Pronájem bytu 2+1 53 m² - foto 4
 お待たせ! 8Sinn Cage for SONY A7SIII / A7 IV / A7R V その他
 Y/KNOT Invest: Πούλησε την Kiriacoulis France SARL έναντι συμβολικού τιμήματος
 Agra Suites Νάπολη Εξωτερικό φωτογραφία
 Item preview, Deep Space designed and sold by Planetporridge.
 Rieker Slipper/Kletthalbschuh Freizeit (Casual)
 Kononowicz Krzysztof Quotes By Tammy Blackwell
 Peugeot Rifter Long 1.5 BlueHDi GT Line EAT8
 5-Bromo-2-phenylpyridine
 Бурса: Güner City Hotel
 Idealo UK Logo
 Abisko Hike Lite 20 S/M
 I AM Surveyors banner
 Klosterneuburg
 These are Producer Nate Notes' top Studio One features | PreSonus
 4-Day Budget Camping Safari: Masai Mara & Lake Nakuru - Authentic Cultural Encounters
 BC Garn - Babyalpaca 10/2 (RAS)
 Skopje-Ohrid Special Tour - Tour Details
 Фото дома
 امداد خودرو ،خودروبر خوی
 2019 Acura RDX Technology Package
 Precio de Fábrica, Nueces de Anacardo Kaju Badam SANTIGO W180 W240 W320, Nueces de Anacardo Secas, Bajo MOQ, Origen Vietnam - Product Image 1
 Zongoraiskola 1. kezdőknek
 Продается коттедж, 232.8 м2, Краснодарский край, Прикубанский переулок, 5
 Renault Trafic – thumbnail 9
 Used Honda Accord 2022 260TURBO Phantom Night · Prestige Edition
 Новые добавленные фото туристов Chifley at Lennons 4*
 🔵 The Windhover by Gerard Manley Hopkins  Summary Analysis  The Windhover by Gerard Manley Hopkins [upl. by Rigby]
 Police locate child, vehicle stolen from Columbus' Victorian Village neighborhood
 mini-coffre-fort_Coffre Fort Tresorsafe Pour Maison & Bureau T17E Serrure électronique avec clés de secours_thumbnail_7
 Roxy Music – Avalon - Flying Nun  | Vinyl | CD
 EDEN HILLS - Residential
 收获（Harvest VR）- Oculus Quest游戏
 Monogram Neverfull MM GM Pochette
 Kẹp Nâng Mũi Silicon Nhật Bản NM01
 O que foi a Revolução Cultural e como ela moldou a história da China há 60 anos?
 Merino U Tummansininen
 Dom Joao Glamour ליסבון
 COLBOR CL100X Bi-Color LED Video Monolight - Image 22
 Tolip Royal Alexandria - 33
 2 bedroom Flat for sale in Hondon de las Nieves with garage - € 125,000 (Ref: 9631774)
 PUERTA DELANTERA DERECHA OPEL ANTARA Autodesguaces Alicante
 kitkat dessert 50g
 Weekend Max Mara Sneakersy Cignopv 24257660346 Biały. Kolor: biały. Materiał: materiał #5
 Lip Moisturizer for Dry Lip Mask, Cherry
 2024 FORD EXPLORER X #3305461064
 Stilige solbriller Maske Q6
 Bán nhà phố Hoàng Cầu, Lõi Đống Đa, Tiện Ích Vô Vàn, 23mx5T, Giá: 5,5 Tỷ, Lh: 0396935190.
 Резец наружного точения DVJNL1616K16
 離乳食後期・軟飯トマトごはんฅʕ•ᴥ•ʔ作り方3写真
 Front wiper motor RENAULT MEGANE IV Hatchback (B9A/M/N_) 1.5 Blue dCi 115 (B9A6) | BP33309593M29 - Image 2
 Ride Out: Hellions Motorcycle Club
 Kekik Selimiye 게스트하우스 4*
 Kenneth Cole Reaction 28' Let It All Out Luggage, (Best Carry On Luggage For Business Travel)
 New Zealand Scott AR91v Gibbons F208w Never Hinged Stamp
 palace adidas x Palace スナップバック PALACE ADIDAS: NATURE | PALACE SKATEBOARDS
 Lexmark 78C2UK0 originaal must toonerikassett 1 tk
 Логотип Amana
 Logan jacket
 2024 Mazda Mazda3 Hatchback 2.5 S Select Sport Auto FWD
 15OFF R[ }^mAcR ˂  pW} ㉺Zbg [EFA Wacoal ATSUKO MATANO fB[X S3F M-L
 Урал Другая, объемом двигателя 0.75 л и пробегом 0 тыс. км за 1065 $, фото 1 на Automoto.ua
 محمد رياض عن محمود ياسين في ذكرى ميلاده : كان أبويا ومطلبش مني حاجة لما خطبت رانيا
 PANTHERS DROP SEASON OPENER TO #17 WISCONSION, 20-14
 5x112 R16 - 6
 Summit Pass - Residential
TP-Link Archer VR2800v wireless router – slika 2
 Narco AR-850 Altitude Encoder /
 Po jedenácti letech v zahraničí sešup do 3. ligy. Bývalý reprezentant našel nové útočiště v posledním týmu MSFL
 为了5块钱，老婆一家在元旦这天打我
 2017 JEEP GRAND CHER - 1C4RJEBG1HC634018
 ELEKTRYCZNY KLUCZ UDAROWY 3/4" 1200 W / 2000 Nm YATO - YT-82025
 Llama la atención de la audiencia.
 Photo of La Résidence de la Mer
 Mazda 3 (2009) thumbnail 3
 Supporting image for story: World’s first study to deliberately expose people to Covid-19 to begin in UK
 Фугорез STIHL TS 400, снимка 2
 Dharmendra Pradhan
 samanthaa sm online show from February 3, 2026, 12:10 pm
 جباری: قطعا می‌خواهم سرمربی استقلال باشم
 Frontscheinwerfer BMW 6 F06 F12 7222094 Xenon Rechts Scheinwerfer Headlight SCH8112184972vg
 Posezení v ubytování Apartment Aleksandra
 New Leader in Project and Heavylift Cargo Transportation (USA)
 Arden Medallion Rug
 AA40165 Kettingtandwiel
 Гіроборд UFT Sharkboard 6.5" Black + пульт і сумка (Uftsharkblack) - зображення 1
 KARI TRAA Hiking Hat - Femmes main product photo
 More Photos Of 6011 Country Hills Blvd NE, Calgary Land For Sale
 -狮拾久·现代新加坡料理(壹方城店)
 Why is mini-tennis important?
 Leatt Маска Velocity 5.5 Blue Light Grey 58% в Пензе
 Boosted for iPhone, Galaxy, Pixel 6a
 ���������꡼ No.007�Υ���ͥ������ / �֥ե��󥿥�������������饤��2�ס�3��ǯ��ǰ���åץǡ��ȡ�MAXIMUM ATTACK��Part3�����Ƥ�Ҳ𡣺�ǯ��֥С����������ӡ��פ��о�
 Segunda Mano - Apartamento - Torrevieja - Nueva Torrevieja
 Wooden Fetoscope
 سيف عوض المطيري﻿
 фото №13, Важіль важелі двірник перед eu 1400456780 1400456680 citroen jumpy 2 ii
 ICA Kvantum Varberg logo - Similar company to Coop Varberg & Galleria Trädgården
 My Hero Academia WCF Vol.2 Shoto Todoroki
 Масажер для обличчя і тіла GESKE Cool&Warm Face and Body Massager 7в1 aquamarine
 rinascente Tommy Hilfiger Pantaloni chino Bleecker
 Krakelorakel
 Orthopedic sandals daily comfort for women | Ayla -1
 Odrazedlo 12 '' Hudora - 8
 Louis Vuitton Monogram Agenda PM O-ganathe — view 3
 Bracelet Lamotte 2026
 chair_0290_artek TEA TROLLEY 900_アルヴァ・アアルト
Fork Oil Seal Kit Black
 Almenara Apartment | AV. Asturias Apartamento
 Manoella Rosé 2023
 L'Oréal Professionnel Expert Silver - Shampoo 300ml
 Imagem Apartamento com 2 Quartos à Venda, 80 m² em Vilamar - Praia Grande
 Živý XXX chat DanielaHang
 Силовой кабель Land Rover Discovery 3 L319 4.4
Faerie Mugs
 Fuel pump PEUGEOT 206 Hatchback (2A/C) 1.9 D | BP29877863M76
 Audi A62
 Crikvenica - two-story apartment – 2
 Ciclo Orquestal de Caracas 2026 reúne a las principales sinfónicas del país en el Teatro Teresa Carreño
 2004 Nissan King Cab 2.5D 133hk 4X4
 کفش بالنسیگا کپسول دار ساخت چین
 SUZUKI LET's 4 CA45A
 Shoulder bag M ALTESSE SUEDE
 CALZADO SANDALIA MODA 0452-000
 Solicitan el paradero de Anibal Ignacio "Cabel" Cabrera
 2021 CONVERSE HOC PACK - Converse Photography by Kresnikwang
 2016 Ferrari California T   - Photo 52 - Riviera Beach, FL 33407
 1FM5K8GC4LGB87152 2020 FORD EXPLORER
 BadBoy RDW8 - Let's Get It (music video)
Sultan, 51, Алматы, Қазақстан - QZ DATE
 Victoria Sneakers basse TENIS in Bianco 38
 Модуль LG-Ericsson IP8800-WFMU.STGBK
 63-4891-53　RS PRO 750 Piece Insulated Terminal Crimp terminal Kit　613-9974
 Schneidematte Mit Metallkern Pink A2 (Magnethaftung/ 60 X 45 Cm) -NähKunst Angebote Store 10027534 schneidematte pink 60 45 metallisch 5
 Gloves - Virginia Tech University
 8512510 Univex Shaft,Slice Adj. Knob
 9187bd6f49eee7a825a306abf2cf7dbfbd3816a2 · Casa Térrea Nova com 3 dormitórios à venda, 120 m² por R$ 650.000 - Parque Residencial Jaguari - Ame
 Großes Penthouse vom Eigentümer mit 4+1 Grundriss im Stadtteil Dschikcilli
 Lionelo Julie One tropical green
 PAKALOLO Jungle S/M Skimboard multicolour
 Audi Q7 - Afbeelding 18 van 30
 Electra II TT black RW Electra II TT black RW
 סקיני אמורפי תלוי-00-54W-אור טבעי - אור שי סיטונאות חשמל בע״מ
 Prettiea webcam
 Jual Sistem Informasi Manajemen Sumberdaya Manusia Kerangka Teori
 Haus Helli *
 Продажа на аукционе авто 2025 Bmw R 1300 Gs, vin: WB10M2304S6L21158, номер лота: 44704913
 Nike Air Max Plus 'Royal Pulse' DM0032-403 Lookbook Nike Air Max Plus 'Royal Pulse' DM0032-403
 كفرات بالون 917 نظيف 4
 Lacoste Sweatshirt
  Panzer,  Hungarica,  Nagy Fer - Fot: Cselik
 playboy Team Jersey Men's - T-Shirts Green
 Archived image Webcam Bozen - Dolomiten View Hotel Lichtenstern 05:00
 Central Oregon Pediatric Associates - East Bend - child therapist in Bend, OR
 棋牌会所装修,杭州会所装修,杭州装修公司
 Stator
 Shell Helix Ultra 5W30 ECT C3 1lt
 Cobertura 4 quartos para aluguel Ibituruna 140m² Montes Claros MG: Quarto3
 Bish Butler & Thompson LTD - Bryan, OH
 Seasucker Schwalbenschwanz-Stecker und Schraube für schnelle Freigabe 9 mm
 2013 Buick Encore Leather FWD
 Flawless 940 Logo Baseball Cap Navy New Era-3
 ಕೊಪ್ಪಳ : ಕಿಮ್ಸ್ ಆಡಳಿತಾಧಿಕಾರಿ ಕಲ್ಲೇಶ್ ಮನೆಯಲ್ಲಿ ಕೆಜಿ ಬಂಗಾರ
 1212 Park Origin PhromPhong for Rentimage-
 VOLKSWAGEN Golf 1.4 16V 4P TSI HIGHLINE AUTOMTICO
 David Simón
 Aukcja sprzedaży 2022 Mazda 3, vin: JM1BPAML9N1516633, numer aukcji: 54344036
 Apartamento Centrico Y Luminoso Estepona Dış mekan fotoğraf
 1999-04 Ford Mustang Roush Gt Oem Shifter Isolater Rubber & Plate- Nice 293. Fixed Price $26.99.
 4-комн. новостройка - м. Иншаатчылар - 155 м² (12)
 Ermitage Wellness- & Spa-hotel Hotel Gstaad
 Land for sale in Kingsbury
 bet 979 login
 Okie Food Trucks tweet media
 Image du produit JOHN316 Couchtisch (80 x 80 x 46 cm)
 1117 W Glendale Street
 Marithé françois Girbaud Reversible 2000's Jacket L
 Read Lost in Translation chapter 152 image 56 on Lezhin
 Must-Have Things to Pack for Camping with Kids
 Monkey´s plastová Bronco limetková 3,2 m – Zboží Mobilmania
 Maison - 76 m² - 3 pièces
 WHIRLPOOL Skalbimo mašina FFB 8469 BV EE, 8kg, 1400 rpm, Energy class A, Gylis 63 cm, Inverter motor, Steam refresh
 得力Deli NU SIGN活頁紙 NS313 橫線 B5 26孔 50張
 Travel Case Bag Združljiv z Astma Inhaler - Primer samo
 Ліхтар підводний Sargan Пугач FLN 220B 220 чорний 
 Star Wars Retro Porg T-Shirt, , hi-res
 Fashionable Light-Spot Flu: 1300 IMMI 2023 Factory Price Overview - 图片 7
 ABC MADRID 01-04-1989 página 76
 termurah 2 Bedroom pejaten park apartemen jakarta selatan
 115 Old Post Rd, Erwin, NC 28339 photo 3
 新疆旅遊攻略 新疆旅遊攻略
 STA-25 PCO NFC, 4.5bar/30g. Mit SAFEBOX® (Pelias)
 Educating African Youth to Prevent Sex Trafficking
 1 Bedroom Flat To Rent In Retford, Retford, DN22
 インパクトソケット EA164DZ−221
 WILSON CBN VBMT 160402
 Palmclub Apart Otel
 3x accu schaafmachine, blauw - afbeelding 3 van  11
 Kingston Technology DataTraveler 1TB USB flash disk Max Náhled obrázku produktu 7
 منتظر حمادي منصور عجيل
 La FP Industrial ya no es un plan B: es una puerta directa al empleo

....

# What is required:
Word for word, restate the entries from the first line to the line that has "These are Producer", both included, and nothing else.

# Written answer:
Pronájem bytu 2+1 53 m² - foto 4
 お待たせ! 8Sinn Cage for SONY A7SIII / A7 IV / A7R V その他
 Y/KNOT Invest: Πούλησε την Kiriacoulis France SARL έναντι συμβολικού τιμήματος
 Agra Suites Νάπολη Εξωτερικό φωτογραφία
 Item preview, Deep Space designed and sold by Planetporridge.
 Rieker Slipper/Kletthalbschuh Freizeit (Casual)
 Kononowicz Krzysztof Quotes By Tammy Blackwell
 Peugeot Rifter Long 1.5 BlueHDi GT Line EAT8
 5-Bromo-2-phenylpyridine
 Бурса: Güner City Hotel
 Idealo UK Logo
 Abisko Hike Lite 20 S/M
 I AM Surveyors banner
 Klosterneuburg
 These are Producer Nate Notes' top Studio One features | PreSonus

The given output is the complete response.